Darmasena Pathiraja hikâyesini anlatırken başta ve sondaki köy halkı görüntüleri veya cenaze sahnesi gibi bölümlerle bireysel değil, toplumsal olana önem verdiğini ortaya koyuyor net bir şekilde ve Türkiye sinemasında da örneğin Yılmaz Güney veya Şerif Gören filmlerinden aşina olduğumuz fotoğraflar çıkarıyor karşımıza. Sinema dili bir parça ham ve hatta bugüne göre bir parça eskimiş duruyor ama yönetmenin hikâyesine ve karakterlerine anlamak ve hikâyelerini anlatmak odaklı bakışı gerekli zenginliği katıyor yapıta. Tıpkı Güney’de olduğu gibi halkını seven, meselelerini dile getirmeye özen gösteren ve bunu bir sinemasal çerçeve içinde yapmaya gayret eden bir sinema dili burada yönetmenin kullandığı. Eserlerinde yerel motifleri Hint ve Batılı havalarla kaynaştırarak çağdaş bir “sound” yakalaması ile bilinen Premasiri Khemadasa’nın hayli güçlü ve başarılı müziklerinin (filmden bağımsız olarak da dinlenebilecek bir zenginliği var bu çalışmaların) gerekli dramatik havayı yakalamakta önemli bir katkı sağladığı film, “Burası onların toprakları. Kendi iyilikleri için neyin en iyisi olduğuna karar vermek onların en doğal hakkı” repliğinin özeti olabilecek bir hikâye anlatıyor bize.

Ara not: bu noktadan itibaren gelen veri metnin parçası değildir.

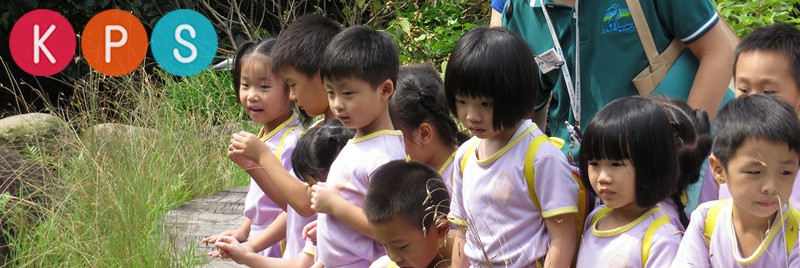 Learning at Wetlands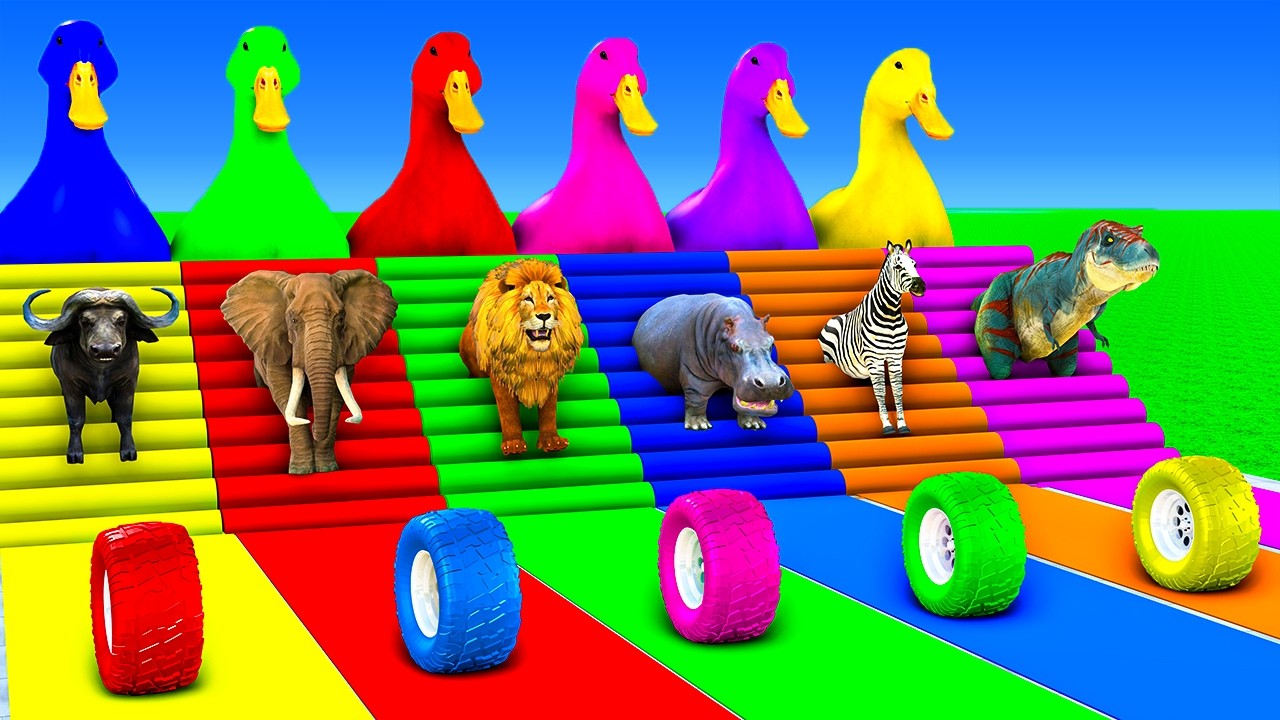 Long Slide Game With Zebra Gorilla Hippopotamus Horse Bull - 3d Animal Game - Funny 3d Animals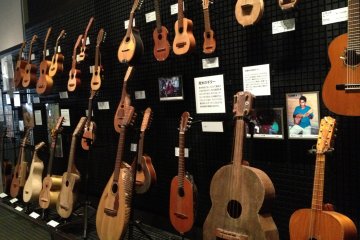 <p>Part of the extensive musical instrument collection</p>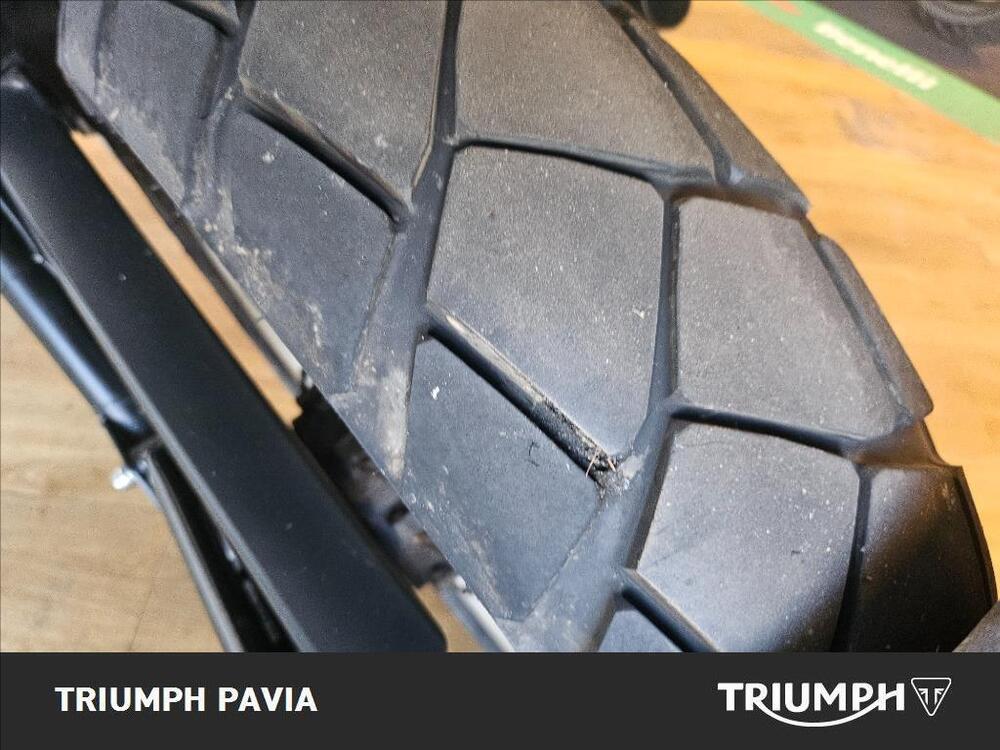 Benelli Leoncino 500 Trail (2021 - 26) (7)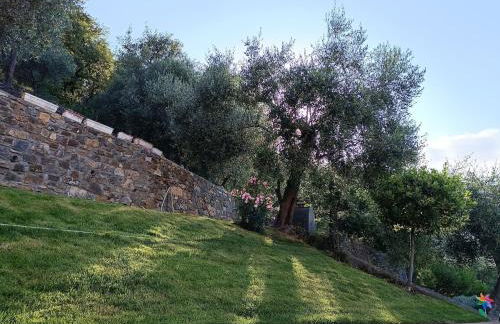 Almarea, a house between the sea and olive trees - Foto 22
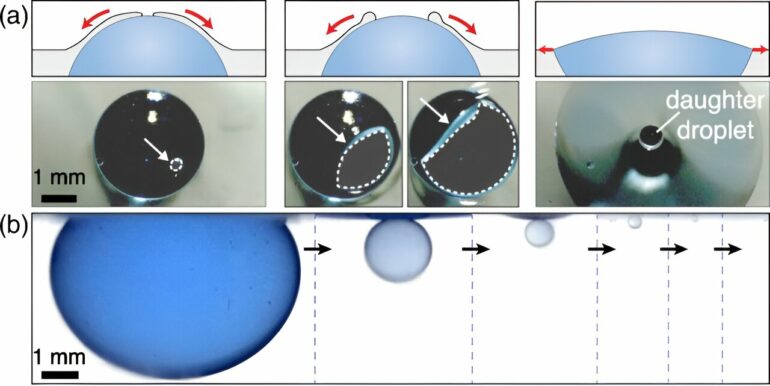 Bursting of underwater oil drops: How pollution may remain in ...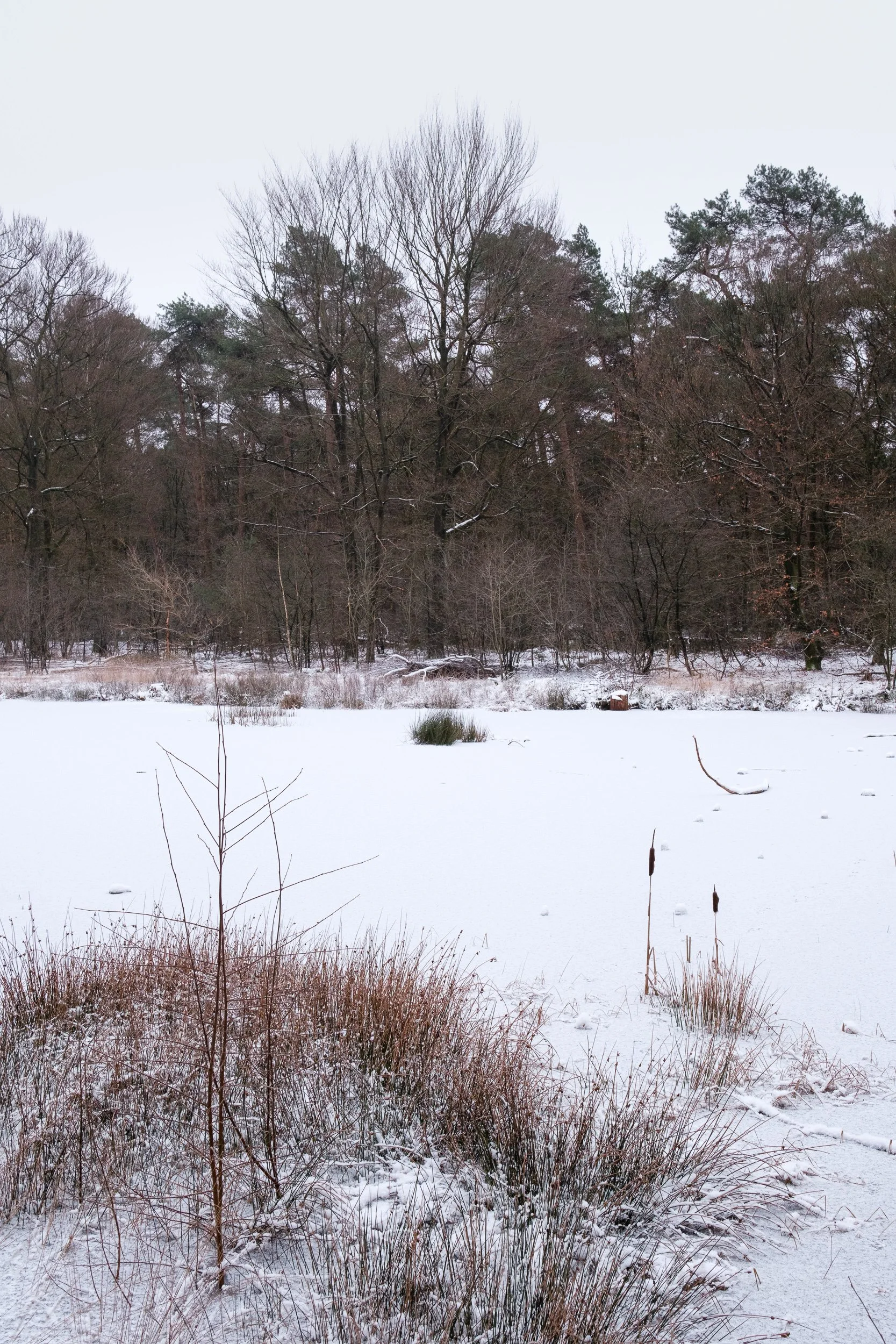 January, Oisterwijk, NL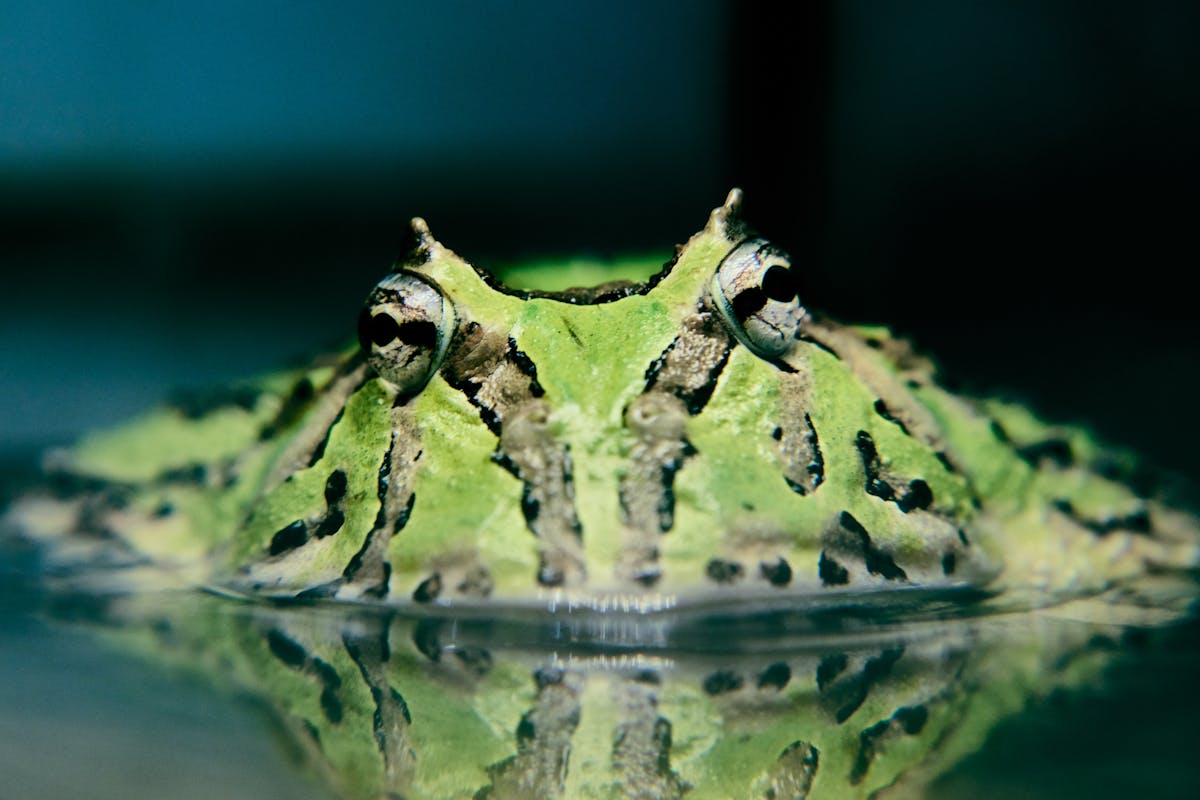 Green Pacman frog partially submerged in water showing vivid colors and distinctive wide body shape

Yönetmen birkaç sahnede klasik sinema dilinden uzaklaşıyor ama bunu filmin geneli ile herhangi bir uyumsuzluk yaratmayacak şekilde yapıyor. Örneğin “ilk sevişme” sahnesi, bir şarkının hâkim olduğu “kadın ve iki âşığı” bölümü ve boş bir mekânda karakterler gösterilmeden sadece yankılanan seslerinin duyurulması filme kayda değer bir farklılık katıyor. Hikâye yorumlara açık bir şekilde deniz kenarında sona ererken toplumsal meselelerin kurbanlarının arasında kadınların hemen her zaman yer aldığını da söylüyor doğru bir saptama ile. Donald Karunaratna’nın görüntülerinin yönetmenin hayal ettiği görsel atmosferi çekici bir şekilde yarattığı filmin adının ima ettiğini de atlamamak gerekiyor; hikâyede köyün güçlü adamı bir kadına kendi göğsünü ve oradaki haç dövmesini işaret ederek “Arılar burada” diyor ve bir diğer sahnede iki farklı aşkın hedefi olan genç kadını annesi “arıları kendisine çekebileceği” uyarısı ile azarlıyor. Hikâyedeki halkın her türlü varlığına (balık, toprak, iktidar, kadın bedeni vs.) işte bu ifadeleri hatırlatacak şekilde üşüşen “arılar”ın neden olduklarını anlatan bu ilginç yapıt sade ve sakin dili ile geniş kitlelerin ilgisini çekemeyebilir ama Sri Lanka sinemasından önemli bir örnek olarak ilgiyi hak ediyor kesinlikle. Filmde Küçük Bey Viktor’u canlandıran Vijaya Kumaratunga ile ilgili önemli bir bilgiyi eklemekte de yarar var son bir not olarak. Ünlü oyuncu sosyalist bir partinin kurucusu ve lideriydi ve 1988’de politik bir suikast sonucu hayatını kaybetmişti. Onun ölümünden sonra bir süre partiyi yöneten eşi Chandrika Bandaranaike ise ülkenin ilk ve bugüne kadarki son kadın cumhurbaşkanı olarak 1994 – 2005 arasında Sri Lanka’yı yönetmiş.